Velejadores da regata B to B partem rumo à França

27/11/2007

Enquanto apenas 900 milhas náuticas separam os últimos veleiros que participam da regata Transat Jacques Vabre da Baía de Todos os Santos, 15 navegadores da categoria Imoca (barcos monocasco de 60 pés) se preparam para levantar vela e seguir rumo a Bretanha, na França.


A travessia do Atlântico, agora no sentido inverso, dá nome a regata B to B e é considerada pelos amantes da vela como uma das provas mais difíceis da náutica mundial. "Nesta regata, os velejadores colocam à prova toda a perícia e habilidade dos verdadeiros homens do mar. Eles cruzam as cerca de 4.300 milhas no sentido contrário das correntes marítimas e dos ventos, ou seja, da Bahia até a Bretanha é só sofrimento", brinca Luis Serpa, organizador da regata. Mais de 4000 milhas separam Salvador do porto de La Forêt-Fouesnant (na França).


Com 17 veleiros construídos nos últimos meses para a regata Vendée Globe, que acontece em novembro de 2008 e é considerada a mais importante das regatas internacionais, a classe Imoca está cada vez mais ativa, e todos o skippers que possuem barcos de 60 pés vão participar da B to B, que é uma competição em solitário e uma pré-qualificação para a Vendée Globe.
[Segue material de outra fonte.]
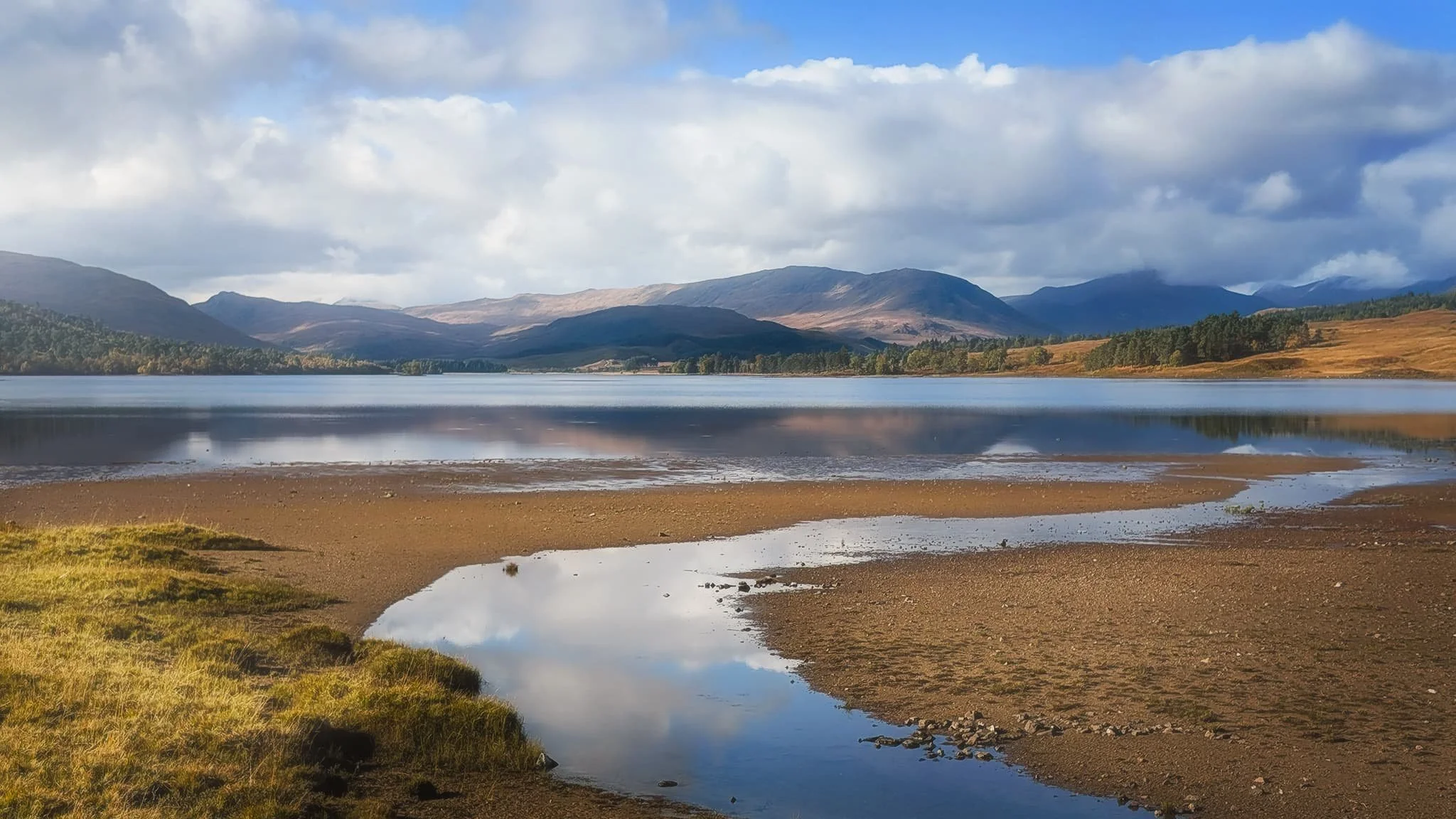 It turns out that getting to the loch shore of Loch Tulla is difficult. The road runs right alongside its north-eastern point, and is raised above the loch. You can’t clamber down the verge towards the shore because of barbed fencing. So, this shot from the roadside of Tulla and towards the Black Mount range was as best as I could manage.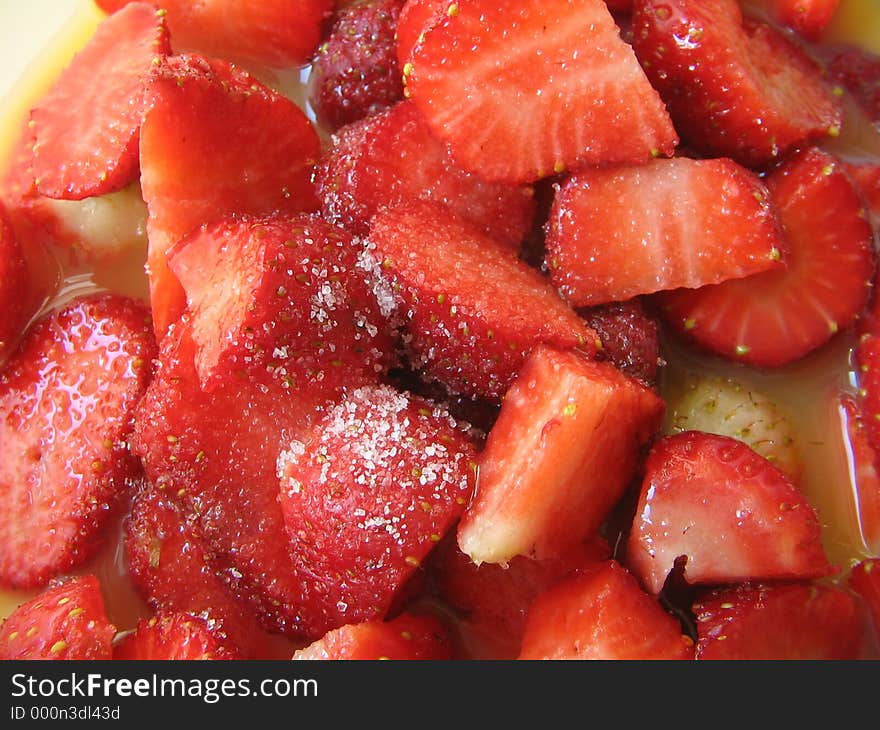 Strawberries sliced with sugar. Strawberries sliced with sugar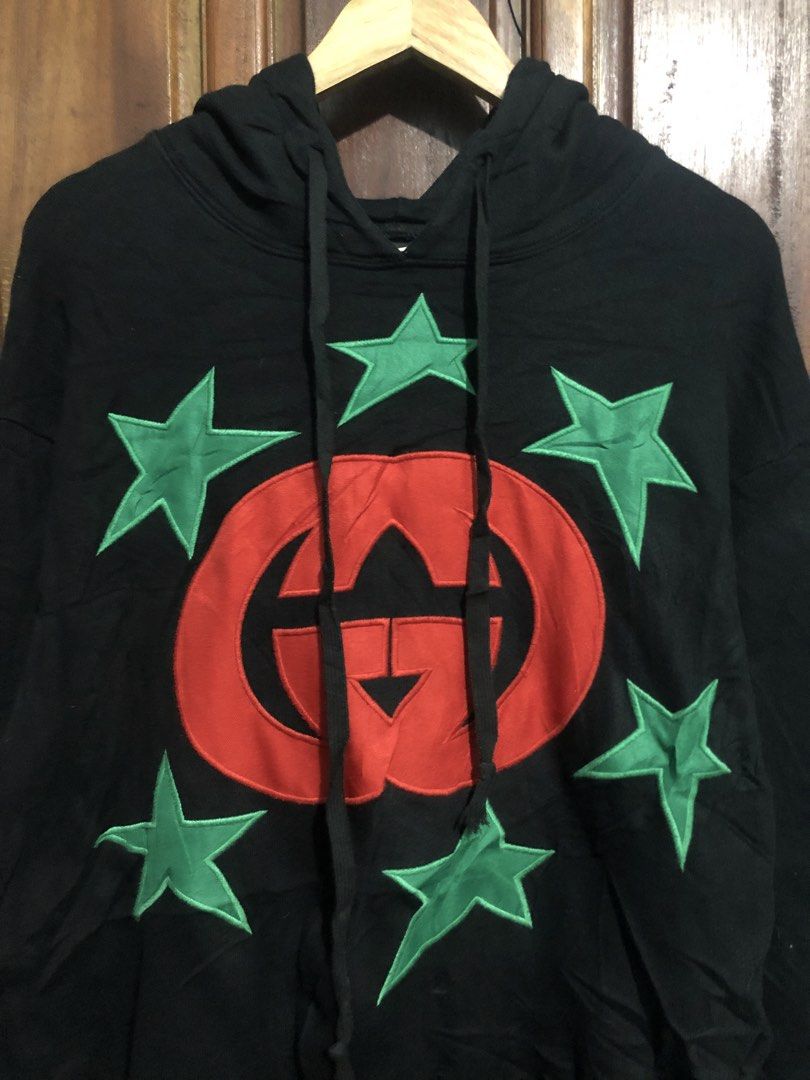 Gucci Interlocking G Star Patch Black Hoodie (Category: Coats, Jackets and Outerwear) located in Quezon City. Submitted by yeahsource222 (Listing ID 1469745172, Image 2). Description: - Brand: Gucci - Color: Black with red interlocking G logo and green star patches - Size: Medium (M) - Material: 100% Cotton - Origin: Made in Italy - Features: Drawstring hood, ribbed cuffs and hem, relaxed fit - Condition: Excellent, well-maintained - Mode of tran
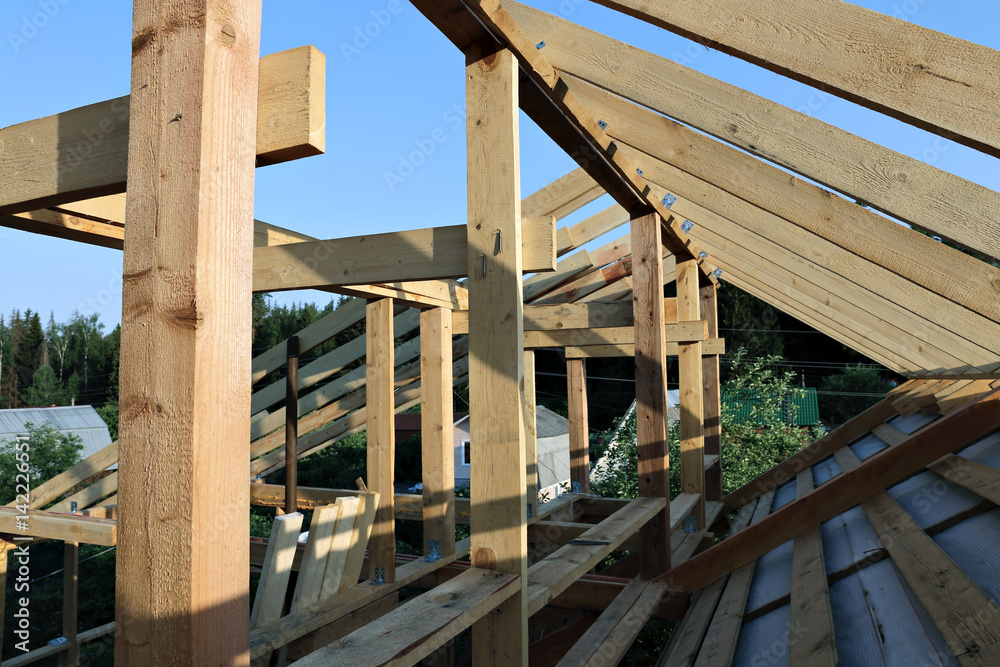 Installation of wooden beams at construction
As regras obrigam todos os iniciantes de uma competição, com mais de 2700 milhas náuticas numa viagem que deve durar 2 semanas.


O que é realmente especial sobre esta viagem entre os dois hemisférios é cruzar a linha do Equador, uma rota intertropical caracterizada por ventos leves e irregulares alternados com repentinas e violentas tempestades. O que incentiva os competidores a participar desta regata e fez com que 14 deles mostrem interesse em competir para se qualificarem para Vendée Globe e também testar suas máquinas (veleiros). A B to B acontece em paralelo com o Paris Boat Show (de 1º a 10 de dezembro).


Os veleiros devem chegar a Açores na mesma época que o Boat Show fechar as portas, a viagem se encerrará no dia 15 de dezembro. A Imoca (Classe Aberta Internacional de Monocascos) foi reconhecida como classe internacional em 1998, e foi fundada há 16 anos, apenas alguns meses antes da largada da 1ª Vendée Globe . Alguns velejadores da classe oceano queriam organizar as regatas e especificaram algumas regras para seus 60 pés.


Hoje a classe reúne barcos de 50 e 60 pés classe abertas, bons barcos de 30 pés, duas categorias de monocascos projetados para dar segurança, sem afundar e atendendo às regras de estabilidade.